TASK PROMPT:
The answer should hold only the lines from the one that contains "Adult onset / Ann-Marie MacDonald." through the last line of the material, repeated exactly, without pictures.

EXERCISE MATERIAL:
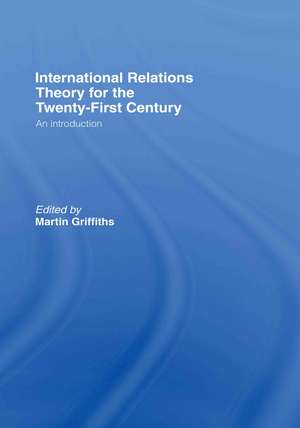 International Relations Theory for the Twenty-First Century: An Introduction de Martin Griffiths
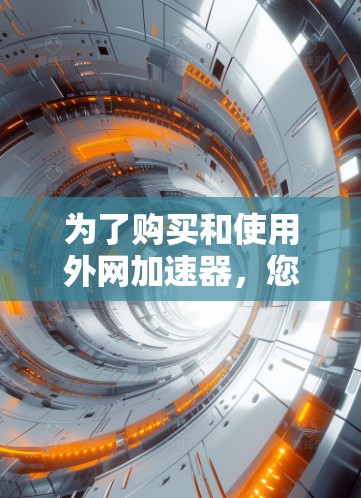 为了购买和使用外网加速器，您可以按照以下步骤进行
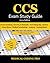 CCS Exam Study Guide - 2024...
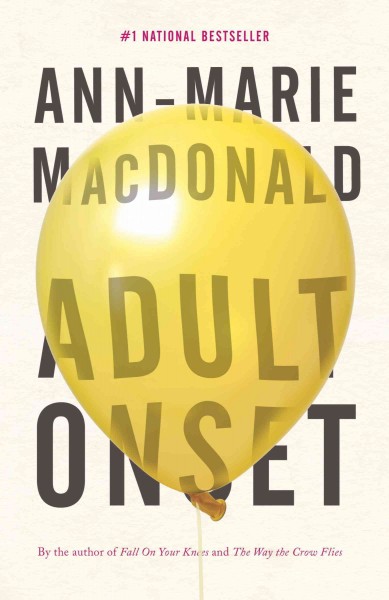 Adult onset / Ann-Marie MacDonald.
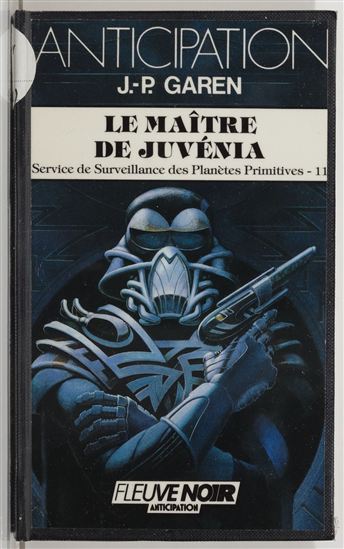 Service de surveillance des planètes primitives (11) - JEAN-PIERRE GAREN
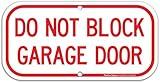 Do Not Block Garage Door Sign, No Parking Sign, Rust Free .40 Aluminum 12 x 6 Inches, UV Protected, Weather Resistant, Waterproof, Durable Ink，Easy to Mount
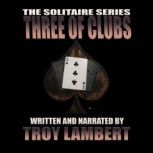 The Solitaire Series Episode 7 The T..., Troy Lambert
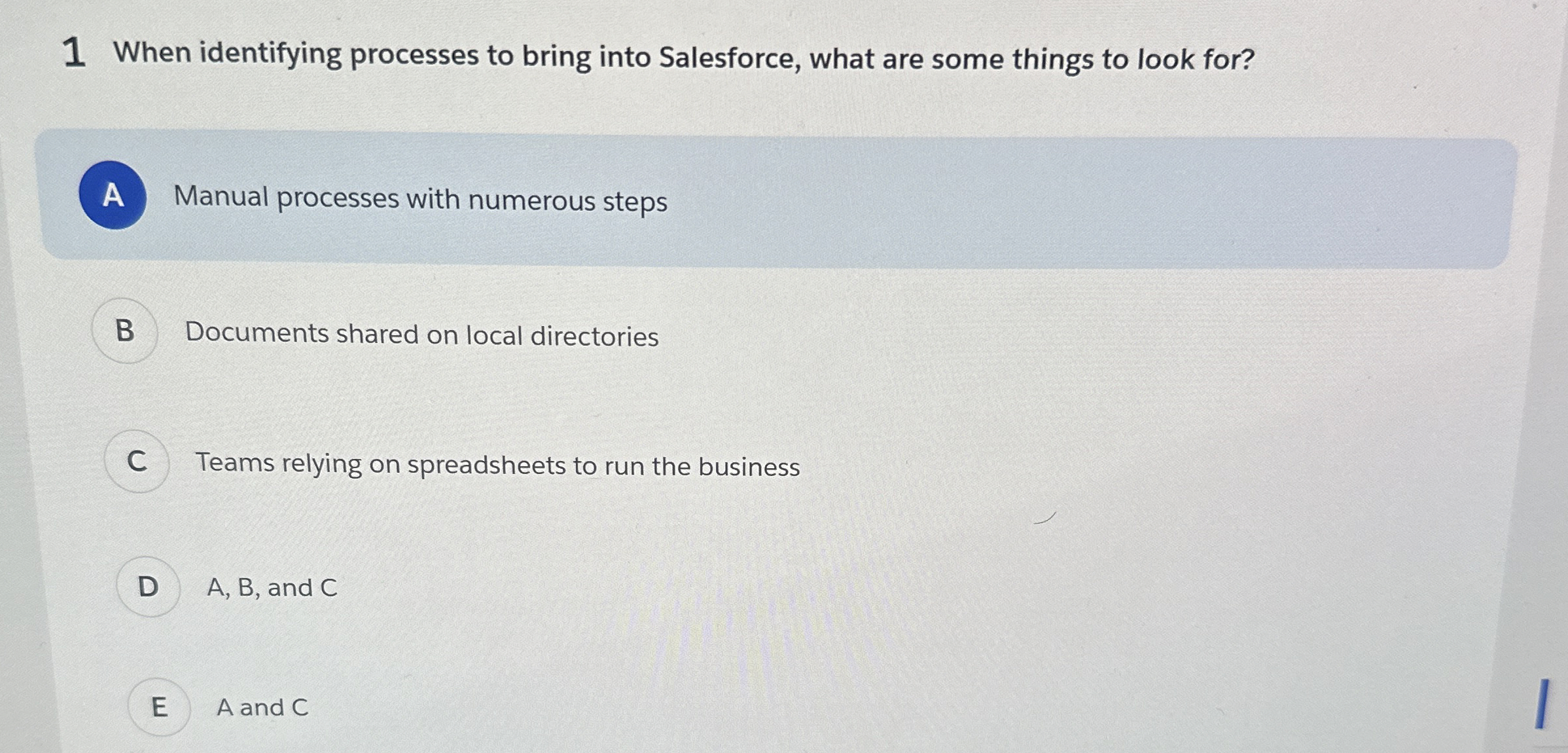 1 When identifying processes to bring into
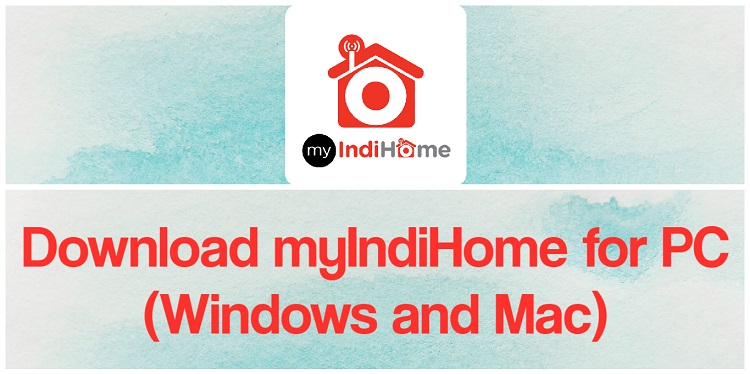 Download MyIndiHome for PC (Windows and Mac)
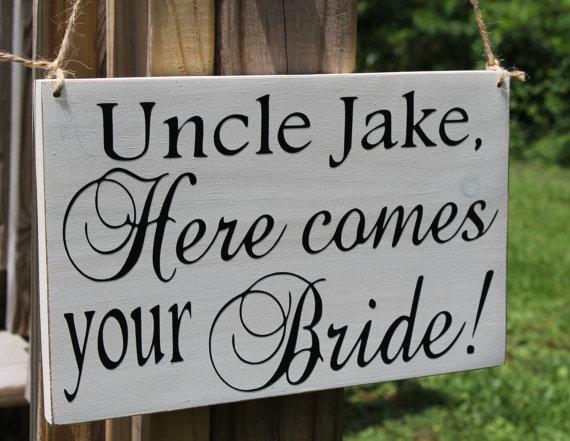 Mariage - Rustic Wedding Sign Here comes your Bride Groom or uncle name Ring Bearer Flower girl Ceremony Country Shabby Beach Country Barn weddings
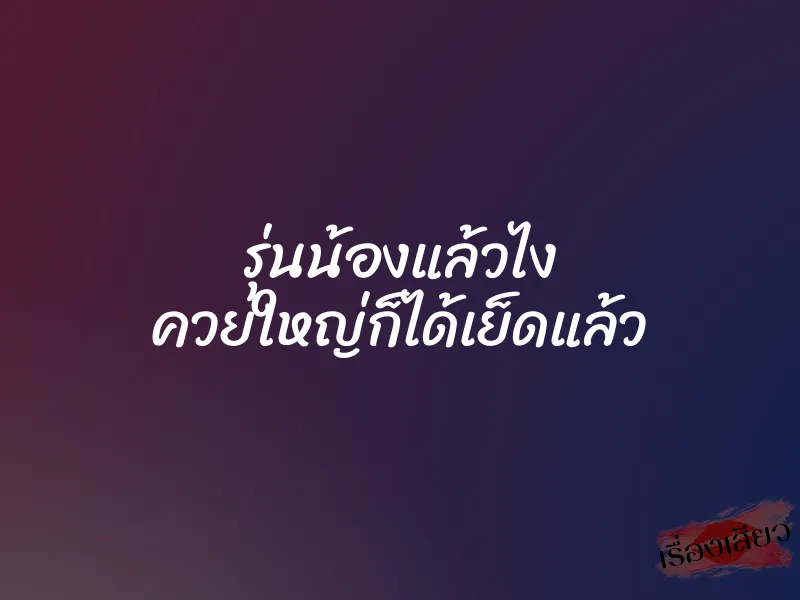 รุ่นน้องแล้วไง ควยใหญ่ก็ได้เย็ดแล้ว 1 รุ่นน้องแล้วไง ควยใหญ่ก็ได้เย็ดแล้ว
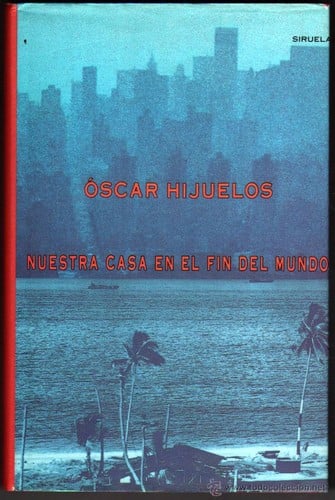 Nuestra Casa En El Fin del Mundo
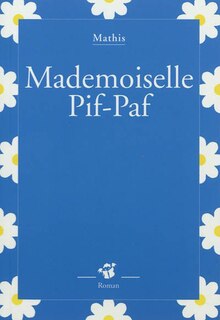Couverture_Mademoiselle Pif-Paf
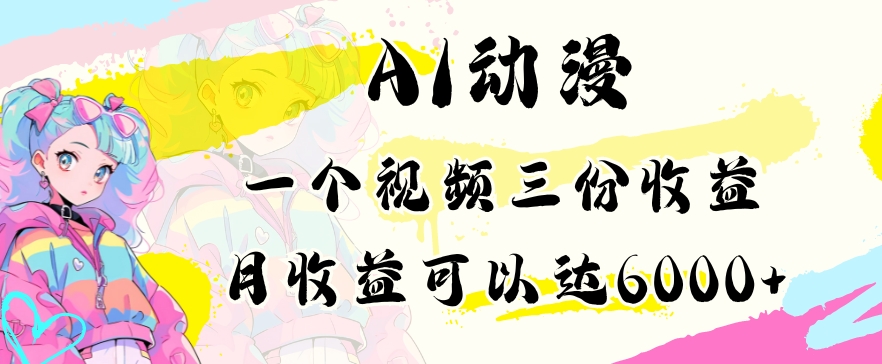 AI动漫教程做一个视频三份收益当月可产出6000多的收益小白可操作【揭秘】-小柒笔记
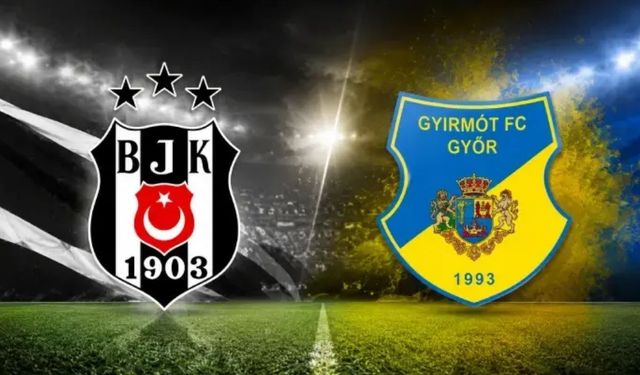 BEŞİKTAŞ GYİRMOT MAÇI CANLI İZLE: Beşiktaş Gyirmot maçı saat kaçta, hangi kanalda, nereden izlenir?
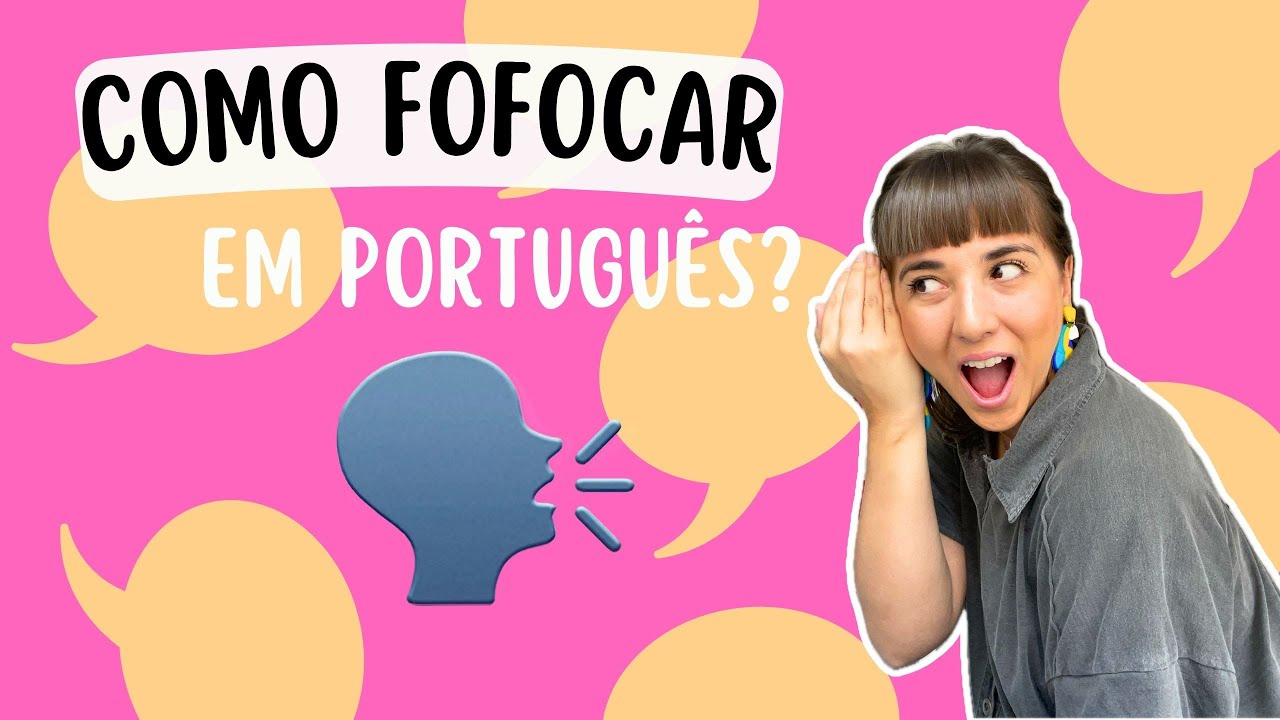 Aprenda a FOFOCAR como um brasileiro! 🗣️ | Brasileirices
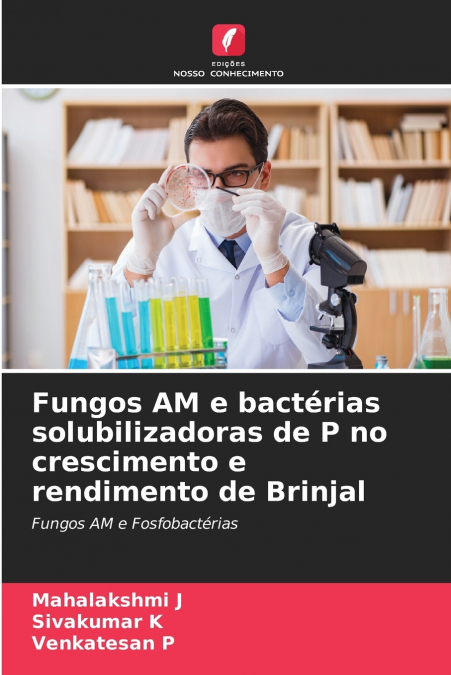 Fungos AM e bactérias solubilizadoras de P no crescimento e rendimento de Brinjal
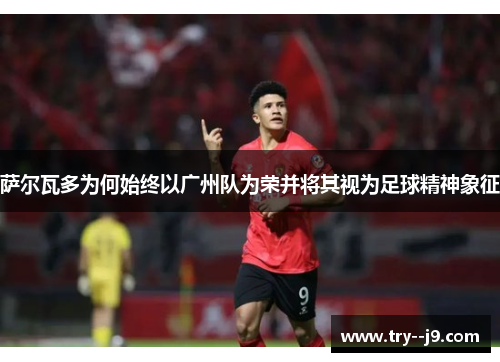 萨尔瓦多为何始终以广州队为荣并将其视为足球精神象征 萨尔瓦多为何始终以广州队为荣并将其视为足球精神象征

ANSWER SPACE:
 Adult onset / Ann-Marie MacDonald.
 Service de surveillance des planètes primitives (11) - JEAN-PIERRE GAREN
 Do Not Block Garage Door Sign, No Parking Sign, Rust Free .40 Aluminum 12 x 6 Inches, UV Protected, Weather Resistant, Waterproof, Durable Ink，Easy to Mount
 The Solitaire Series Episode 7 The T..., Troy Lambert
 1 When identifying processes to bring into
 Download MyIndiHome for PC (Windows and Mac)
 Mariage - Rustic Wedding Sign Here comes your Bride Groom or uncle name Ring Bearer Flower girl Ceremony Country Shabby Beach Country Barn weddings
 รุ่นน้องแล้วไง ควยใหญ่ก็ได้เย็ดแล้ว 1 รุ่นน้องแล้วไง ควยใหญ่ก็ได้เย็ดแล้ว
 Nuestra Casa En El Fin del Mundo
Couverture_Mademoiselle Pif-Paf
 AI动漫教程做一个视频三份收益当月可产出6000多的收益小白可操作【揭秘】-小柒笔记
 BEŞİKTAŞ GYİRMOT MAÇI CANLI İZLE: Beşiktaş Gyirmot maçı saat kaçta, hangi kanalda, nereden izlenir?
 Aprenda a FOFOCAR como um brasileiro! 🗣️ | Brasileirices
 Fungos AM e bactérias solubilizadoras de P no crescimento e rendimento de Brinjal
 萨尔瓦多为何始终以广州队为荣并将其视为足球精神象征 萨尔瓦多为何始终以广州队为荣并将其视为足球精神象征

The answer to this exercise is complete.